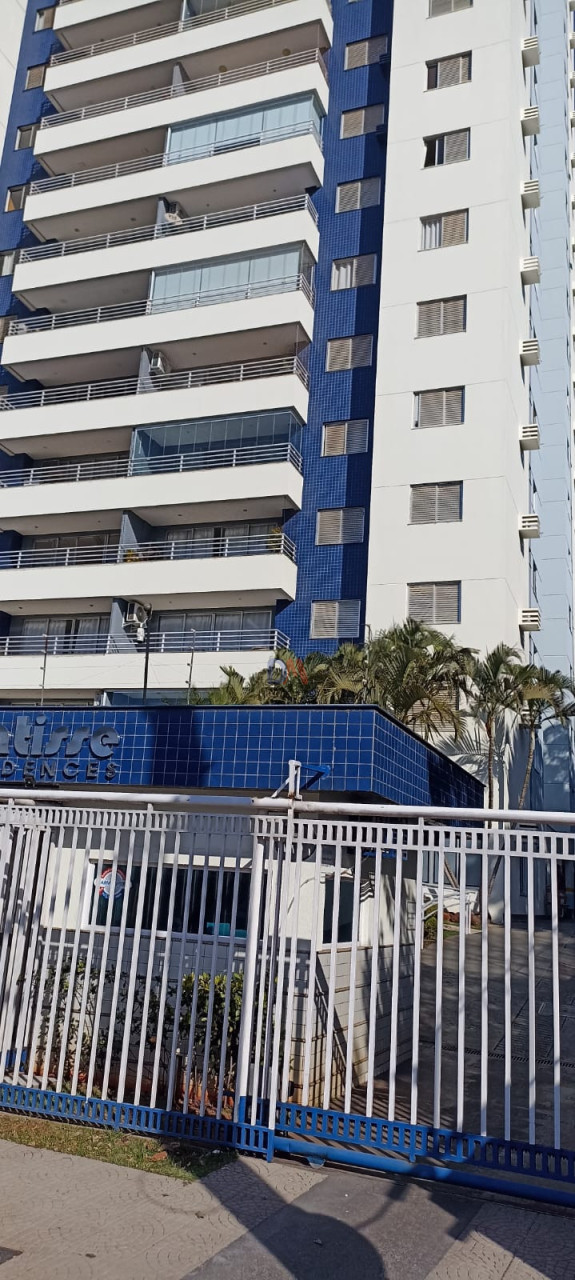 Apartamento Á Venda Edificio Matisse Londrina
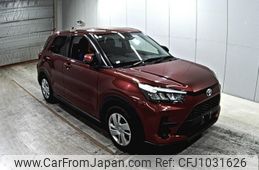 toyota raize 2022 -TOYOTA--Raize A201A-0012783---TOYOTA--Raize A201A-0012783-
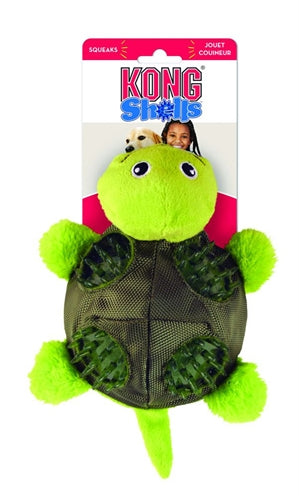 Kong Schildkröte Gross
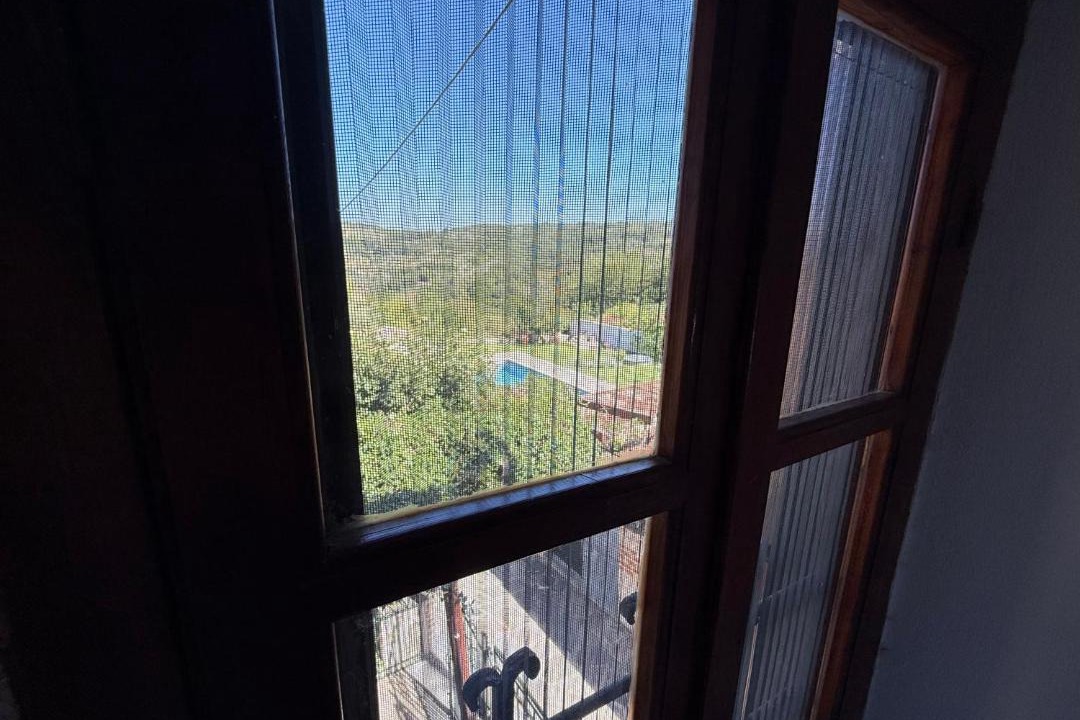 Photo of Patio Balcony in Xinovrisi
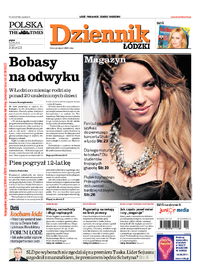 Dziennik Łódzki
--------------------------------
Without carrying over any picture, write out the entries above once more, exactly.

 Apartamento Á Venda Edificio Matisse Londrina
 toyota raize 2022 -TOYOTA--Raize A201A-0012783---TOYOTA--Raize A201A-0012783-
 Kong Schildkröte Gross
 Photo of Patio Balcony in Xinovrisi
 Dziennik Łódzki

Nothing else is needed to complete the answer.